### AIM OF THE EXERCISE:
Look through the entries for the string "Casa" and copy every line where it shows up.

### Brief descriptive captions:
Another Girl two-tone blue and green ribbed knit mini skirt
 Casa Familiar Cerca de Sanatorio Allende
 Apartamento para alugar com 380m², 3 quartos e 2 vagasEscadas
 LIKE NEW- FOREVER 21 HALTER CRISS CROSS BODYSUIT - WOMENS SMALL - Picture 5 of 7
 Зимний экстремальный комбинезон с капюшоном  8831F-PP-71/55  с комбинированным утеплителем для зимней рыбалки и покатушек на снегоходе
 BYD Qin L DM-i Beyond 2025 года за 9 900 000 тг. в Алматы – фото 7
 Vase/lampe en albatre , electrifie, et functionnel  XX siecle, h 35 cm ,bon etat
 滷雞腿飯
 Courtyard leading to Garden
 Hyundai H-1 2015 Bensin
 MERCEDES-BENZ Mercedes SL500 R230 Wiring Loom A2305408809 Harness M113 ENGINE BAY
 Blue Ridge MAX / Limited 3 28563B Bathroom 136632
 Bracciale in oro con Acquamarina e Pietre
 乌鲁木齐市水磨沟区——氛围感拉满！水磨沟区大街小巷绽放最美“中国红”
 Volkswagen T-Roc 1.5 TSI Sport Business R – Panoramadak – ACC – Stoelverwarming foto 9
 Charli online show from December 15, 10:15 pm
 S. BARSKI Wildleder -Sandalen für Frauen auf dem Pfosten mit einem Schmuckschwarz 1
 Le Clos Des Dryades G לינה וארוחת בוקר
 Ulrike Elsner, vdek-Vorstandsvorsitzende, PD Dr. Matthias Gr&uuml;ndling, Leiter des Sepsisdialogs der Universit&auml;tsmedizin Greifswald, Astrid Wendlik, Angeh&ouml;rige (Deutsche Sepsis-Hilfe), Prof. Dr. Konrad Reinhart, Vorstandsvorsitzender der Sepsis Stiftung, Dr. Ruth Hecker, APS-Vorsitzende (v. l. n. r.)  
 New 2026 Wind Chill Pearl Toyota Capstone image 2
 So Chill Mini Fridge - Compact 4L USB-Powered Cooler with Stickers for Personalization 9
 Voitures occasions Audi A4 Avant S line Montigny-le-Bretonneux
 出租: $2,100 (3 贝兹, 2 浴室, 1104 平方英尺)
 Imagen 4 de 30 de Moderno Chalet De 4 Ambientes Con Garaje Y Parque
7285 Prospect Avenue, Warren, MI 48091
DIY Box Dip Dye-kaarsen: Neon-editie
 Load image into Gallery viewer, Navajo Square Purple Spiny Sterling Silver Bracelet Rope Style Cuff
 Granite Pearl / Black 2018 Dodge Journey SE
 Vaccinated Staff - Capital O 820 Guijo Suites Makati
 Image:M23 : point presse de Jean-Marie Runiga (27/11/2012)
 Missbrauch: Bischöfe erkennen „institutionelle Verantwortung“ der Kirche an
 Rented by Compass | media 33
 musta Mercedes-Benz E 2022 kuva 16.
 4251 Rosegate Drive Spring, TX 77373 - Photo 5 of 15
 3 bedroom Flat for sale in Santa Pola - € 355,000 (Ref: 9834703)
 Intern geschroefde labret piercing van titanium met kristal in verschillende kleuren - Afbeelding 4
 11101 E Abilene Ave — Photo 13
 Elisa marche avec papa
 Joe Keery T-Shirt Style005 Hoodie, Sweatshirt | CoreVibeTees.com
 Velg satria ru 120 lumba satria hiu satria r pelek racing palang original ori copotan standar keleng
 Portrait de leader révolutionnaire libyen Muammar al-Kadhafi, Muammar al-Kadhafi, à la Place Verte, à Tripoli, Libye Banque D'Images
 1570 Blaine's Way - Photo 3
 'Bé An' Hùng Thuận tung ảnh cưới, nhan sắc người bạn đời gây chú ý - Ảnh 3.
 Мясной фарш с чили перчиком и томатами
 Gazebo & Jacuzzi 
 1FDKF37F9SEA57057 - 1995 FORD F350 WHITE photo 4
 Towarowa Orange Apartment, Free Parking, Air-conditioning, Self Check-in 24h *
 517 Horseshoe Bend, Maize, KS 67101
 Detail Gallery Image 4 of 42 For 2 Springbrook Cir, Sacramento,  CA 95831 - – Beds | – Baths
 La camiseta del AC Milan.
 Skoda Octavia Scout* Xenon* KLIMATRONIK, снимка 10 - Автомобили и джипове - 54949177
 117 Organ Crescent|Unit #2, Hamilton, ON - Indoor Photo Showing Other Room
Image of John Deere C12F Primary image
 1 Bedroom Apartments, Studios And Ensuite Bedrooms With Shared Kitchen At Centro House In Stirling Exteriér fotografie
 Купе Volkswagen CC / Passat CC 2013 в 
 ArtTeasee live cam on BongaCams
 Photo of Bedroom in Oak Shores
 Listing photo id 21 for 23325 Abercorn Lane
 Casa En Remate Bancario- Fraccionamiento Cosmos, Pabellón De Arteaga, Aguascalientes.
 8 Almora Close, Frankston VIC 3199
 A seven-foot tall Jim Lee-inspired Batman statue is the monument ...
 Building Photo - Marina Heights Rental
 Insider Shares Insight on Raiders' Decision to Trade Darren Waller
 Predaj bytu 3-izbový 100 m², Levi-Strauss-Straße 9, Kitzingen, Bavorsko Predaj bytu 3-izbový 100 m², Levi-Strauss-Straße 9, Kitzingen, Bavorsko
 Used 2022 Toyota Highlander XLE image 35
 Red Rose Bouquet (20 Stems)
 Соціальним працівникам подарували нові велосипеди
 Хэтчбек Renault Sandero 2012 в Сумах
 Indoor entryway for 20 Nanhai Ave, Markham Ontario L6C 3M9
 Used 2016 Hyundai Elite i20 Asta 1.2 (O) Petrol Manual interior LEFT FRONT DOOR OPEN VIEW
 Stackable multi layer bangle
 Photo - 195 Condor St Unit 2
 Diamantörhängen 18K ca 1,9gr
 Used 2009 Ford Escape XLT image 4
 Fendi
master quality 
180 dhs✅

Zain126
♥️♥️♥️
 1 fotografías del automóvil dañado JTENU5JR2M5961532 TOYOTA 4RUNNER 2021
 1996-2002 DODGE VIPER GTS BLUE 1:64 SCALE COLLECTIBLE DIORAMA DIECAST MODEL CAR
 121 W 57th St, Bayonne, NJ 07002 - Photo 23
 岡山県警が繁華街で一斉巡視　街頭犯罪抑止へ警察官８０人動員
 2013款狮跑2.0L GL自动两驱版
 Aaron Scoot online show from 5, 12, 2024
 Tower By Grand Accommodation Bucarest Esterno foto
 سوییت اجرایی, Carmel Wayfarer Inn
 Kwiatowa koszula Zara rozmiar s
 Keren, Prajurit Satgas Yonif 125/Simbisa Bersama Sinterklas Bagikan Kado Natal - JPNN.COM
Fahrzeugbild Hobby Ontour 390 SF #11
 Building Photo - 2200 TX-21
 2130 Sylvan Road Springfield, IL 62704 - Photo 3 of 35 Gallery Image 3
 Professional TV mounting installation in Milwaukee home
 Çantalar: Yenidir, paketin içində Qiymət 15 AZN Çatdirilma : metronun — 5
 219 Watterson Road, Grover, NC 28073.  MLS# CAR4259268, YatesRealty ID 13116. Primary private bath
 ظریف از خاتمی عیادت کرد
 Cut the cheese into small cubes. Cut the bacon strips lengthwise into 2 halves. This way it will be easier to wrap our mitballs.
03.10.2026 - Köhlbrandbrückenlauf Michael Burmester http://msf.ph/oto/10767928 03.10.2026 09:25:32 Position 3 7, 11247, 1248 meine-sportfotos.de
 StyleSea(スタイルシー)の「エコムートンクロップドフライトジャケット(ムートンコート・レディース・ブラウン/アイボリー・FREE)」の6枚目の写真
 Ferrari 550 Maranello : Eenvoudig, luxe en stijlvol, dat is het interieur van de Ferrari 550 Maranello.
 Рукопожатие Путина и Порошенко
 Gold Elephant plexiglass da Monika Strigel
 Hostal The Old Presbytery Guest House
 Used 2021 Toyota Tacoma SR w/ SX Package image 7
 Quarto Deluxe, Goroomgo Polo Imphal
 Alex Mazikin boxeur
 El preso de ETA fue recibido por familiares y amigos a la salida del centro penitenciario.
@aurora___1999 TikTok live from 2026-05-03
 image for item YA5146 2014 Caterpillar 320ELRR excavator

### RESPONSE TO THE TASK:
 Casa Familiar Cerca de Sanatorio Allende
 Casa En Remate Bancario- Fraccionamiento Cosmos, Pabellón De Arteaga, Aguascalientes.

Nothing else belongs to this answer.